Начальники? Жизнь Дзержинского и Менжинского достаточно известна. Они старые революционеры и при царе были в каторге, в тюрьме, в ссылке. Я их видел вчера. Менжинского я знаю по Петрограду. Мы вместе учились в университете. Он умный человек. Что же касается Дзержинского, он сделал на меня впечатление большой силы…»
Поразительно, что Савинков успел уже столько узнать о чекистах! Откуда? Стало быть, встречались не раз и беседовали «по душам»… И они ему нравятся! Да и он им, судя по всему, чем-то импонирует. Чем? Бесстрашием? Умом? Размахом? Что их сближает? Не в том ли дело, что и он, и они, если задуматься, — при всех различиях — люди одной породы? И он, и они — революционеры, и он, и они — террористы, причем террористы талантливые, по призванию, и профессиональные, то есть умеющие и привыкшие убивать, жертвовать и своей, и чужой жизнью, относящиеся к человеку как к материалу — потребному для осуществления умозрительных идей. Хотя и сражались под разными флагами! Профессия подбирает людей — в ЧК — ОГПУ попадали, в основном, одержимые жаждой тайной власти и неразборчивые в средствах.

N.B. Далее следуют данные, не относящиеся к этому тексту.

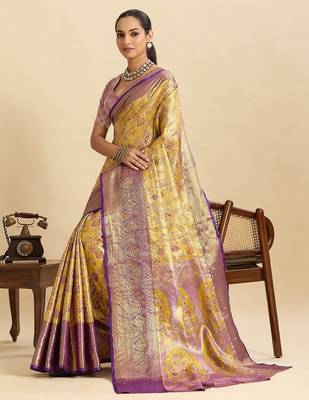 yellow art silk woven kanjivaram silk saree with blouses 4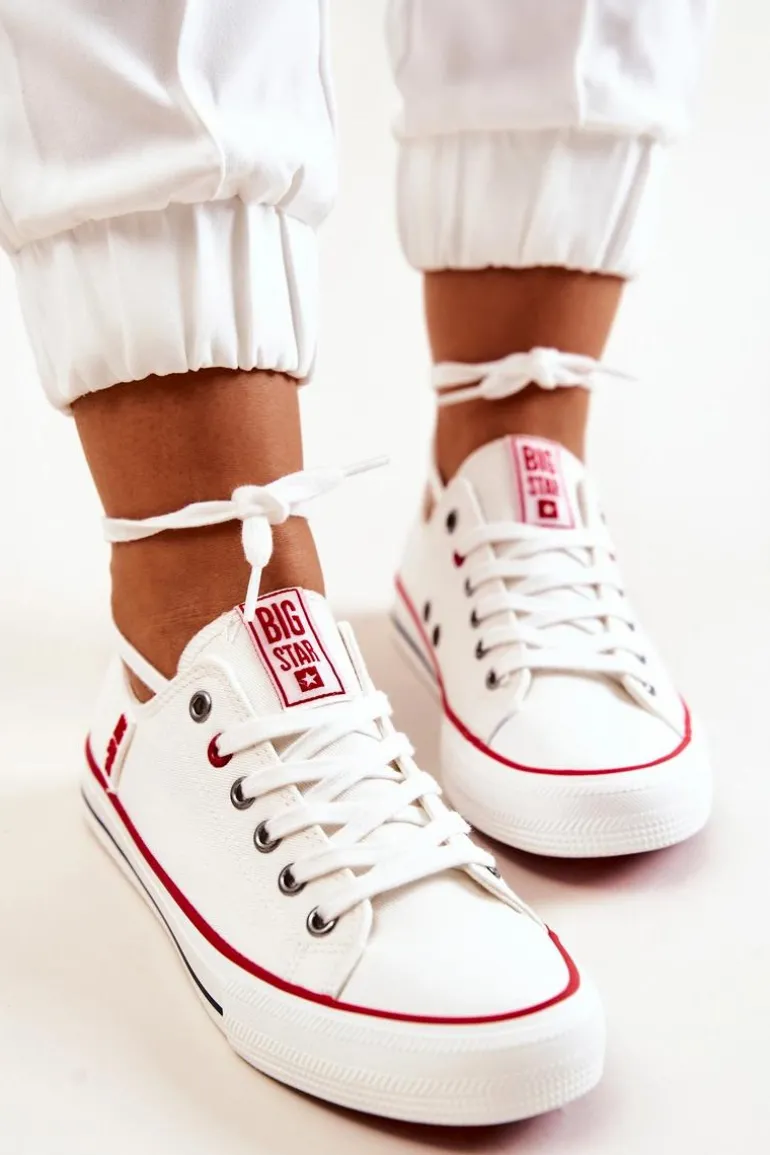 Damskie Materiałowe Trampki BIG STAR JJ274123 Białe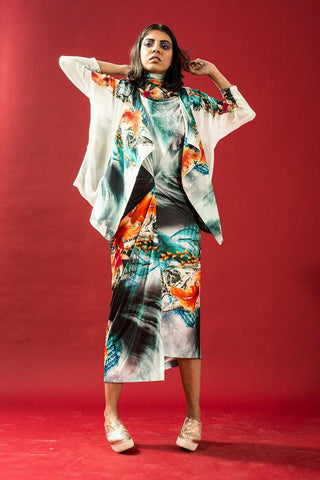 Fish Reflection Print Drape Dress - Farah Sanjana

В письме из тюрьмы к своему парижскому знакомому, доктору Пасманику, Савинков признается: «Вы знаете, я видел всех «вождей» и всех «великих людей». Ну, так я Вам прямо скажу, а Вы думайте, что хотите. Если бы мне пришлось выбирать между бормотальщиками слева и справа и теми людьми, которых я встретил здесь, то есть чекистами… то я бы выбрал чекистов. Я думал встретить палачей и уголовных преступников (опять эмигрантская психология), а встретил убежденных и честных революционеров, тех, к которым я привык с моих юных лет…»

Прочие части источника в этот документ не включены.